Los que nos criamos en la ciudad de Santo Domingo, fuera de los barrios de lo que todavía se denominaban la parte baja de la ciudad, escuchábamos sobre la muerte con los nombres y las coordenadas de ciertas calles de la urbe. A veces no se tenía la calle ni el lugar preciso del asesinato, pero cuando se hablaba de la muerte de algún miembro de la izquierda, conocíamos la calle con la misma familiaridad que llegamos a conocer los nombres de las plantas que suplían la energía eléctrica de la ciudad.

En uno de esos días que a veces eran tempranamente tenebrosos fue que escuché en la radio la noticia, en la que se decía que un joven identificado como Julián Parahoy había sido asesinado por miembros de la Policía Nacional en la calle Pina con Arzobispo Portes. Su cadáver fue fotografiado, y salió en una de esas primeras planas de los periódicos que podíamos ver cada día como una costumbre. En cierto modo, después de tantos muertos, éramos precozmente insensibles a la muerte.  Yo no estaba en el lugar, yo no vi el cadáver, pero cada vez que andaba por la Palo Hincado cruzaba la Puerta de la Misericordia y me paraba a  ver el portón de un garaje delante del cual cayó Parahoy.

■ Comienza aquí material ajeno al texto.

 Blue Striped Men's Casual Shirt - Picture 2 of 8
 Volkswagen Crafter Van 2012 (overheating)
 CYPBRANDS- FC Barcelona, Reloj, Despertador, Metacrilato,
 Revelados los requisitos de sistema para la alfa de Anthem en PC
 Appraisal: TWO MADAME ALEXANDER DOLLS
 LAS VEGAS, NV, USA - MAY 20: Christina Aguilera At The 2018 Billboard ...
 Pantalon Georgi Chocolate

Hablo de Parahoy y no de otro, porque éste vivía en Villa Consuelo y el día de su muerte, cuando llegue a mi casa, pude darme cuenta de que el muerto anunciado en una unidad móvil era alguien conocido. Entonces los muertos se enterraban como una costumbre que hacia de la muerte una contingencia natural, que se derivaba del simple hecho de estar vivo y ser de izquierda.

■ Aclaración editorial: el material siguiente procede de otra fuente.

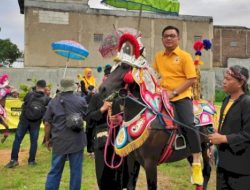 Komitmen Lestarikan Budaya Indonesia, Golkar Jabar Gelar Festival Kuda Silat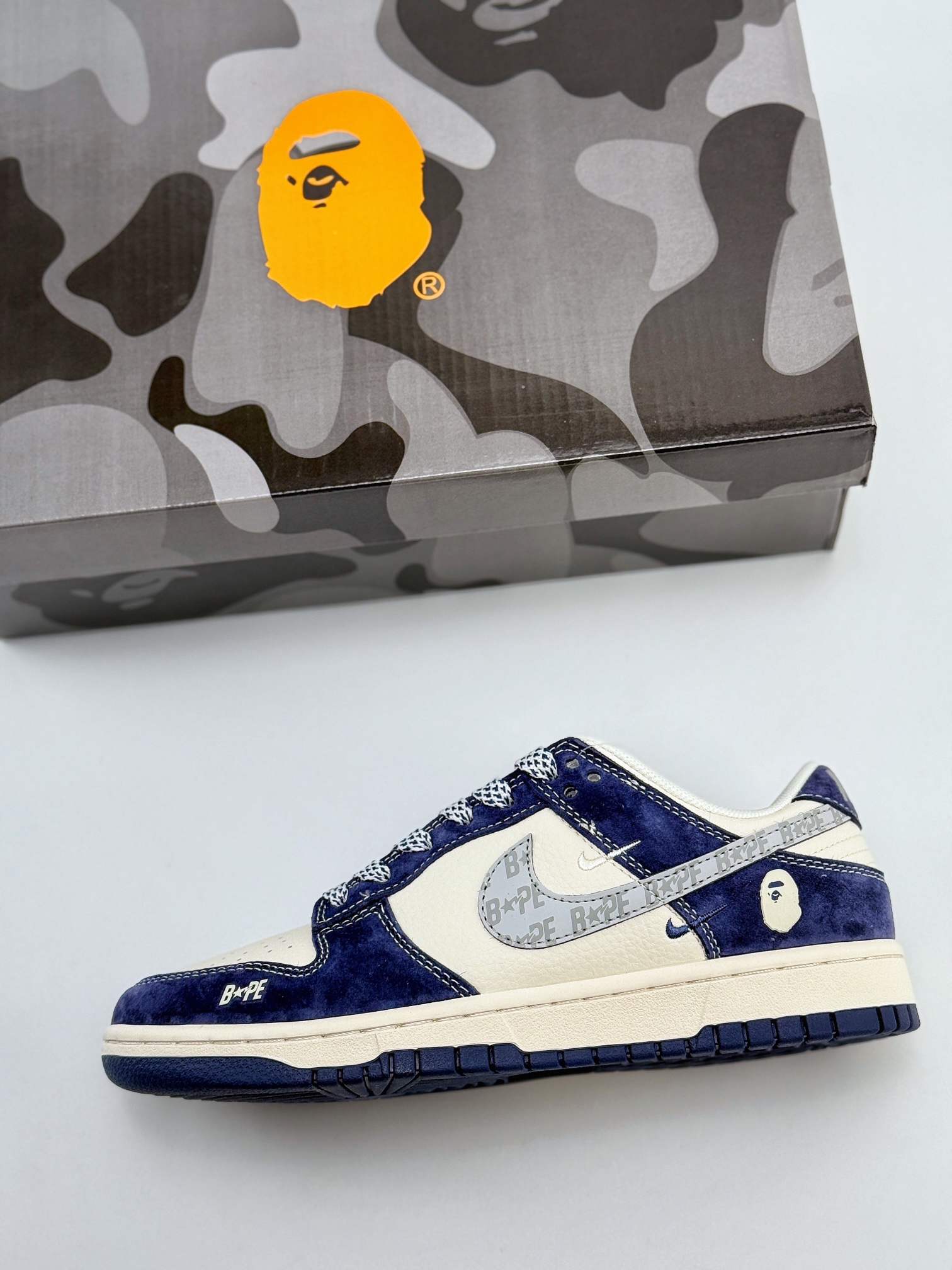 Nike SB Dunk Low x BAPE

Otras calles quedaron marcadas al igual que la Pina. El día que mataron a Hiciano yo iba para la escuela Chile, en el Barrio de San Carlos, sólo pude escuchar los disparos y en algún modo saber que alguien había sido herido en la curva de la subida donde la calle Monte Cristi se convierte en Caracas. Luego, en la tarde, casi en la noche, vi en la primera plana de un periódico que alguien llamado Gregorio Hiciano había sido asesinado en el momento en que yo escuché los disparos. Hiciano fue velado en su casa, en la calle San Francisco de Macorís, y como el día anterior, cuando escuché los disparos, me enteré de forma fortuita, al ver la multitud, que ahí estaba en su velorio.

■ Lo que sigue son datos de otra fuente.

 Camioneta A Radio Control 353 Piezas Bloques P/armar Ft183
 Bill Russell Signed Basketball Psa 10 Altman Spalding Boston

Amín Abel lo asesinaron temprano en la mañana, en una casa que todavía existe al final de la calle Francisco Henríquez y Carvajal, frente a una bomba de gasolina Sinclair cuyo logo era un dinosaurio. No sé el número de la casa pero sé cual es la casa y el nombre de la calle, la casa que me quedaba mirando cuando subía hacia el Centro Olímpico, con la misma curiosidad con la que buscaba en la calle José Contreras la casa o los edificios donde mataron a Otto Morales, al que pude ver en una foto del periódico vespertino con una herida en el brazo y con los orificios de los disparos que le causaron la muerte. Alguien que en esos días había llegado de Puerto Rico tomó el periódico y dijo que yo no podía ver eso, él no estaba acostumbrado a lo que yo siendo un niño veía a diario.

Conozco sitios y muchas de las calles de la ciudad por sus muertos, eso les pasa a más personas de la que uno se imagina, personas a los que la muerte se les hizo algo cotidiano. Salvando las diferencias, ahora de repente me está pasando lo mismo, cada calle por la que paso me hace referencia de alguien asesinado en un asalto o de un delincuente muerto. Cada vez que llego a mi casa miro hacia el frente donde fueron muertos a balazos dos delincuentes, si estoy en el polígono central de la ciudad  tengo la sensación de estar cerca de un lugar donde mataron a alguien que iba robar o asesinaron a alguien que iba a ser robado. Mis hijos me hablan de la muerte como algo tan normal que me da grima, y del total desamparo que se vive en Santo Domingo, donde se puede ser victima tanto de un arma robada como de un arma oficial, y la muerte se asume como la solución gratuita de cualquier problema humano.

Hoy ninguna muerte nos asombra y las singulares en barrios de pobres dejaron de ser noticia, cuesta demasiado la tinta para gastarla en esos barrios en algo que no sea una masacre.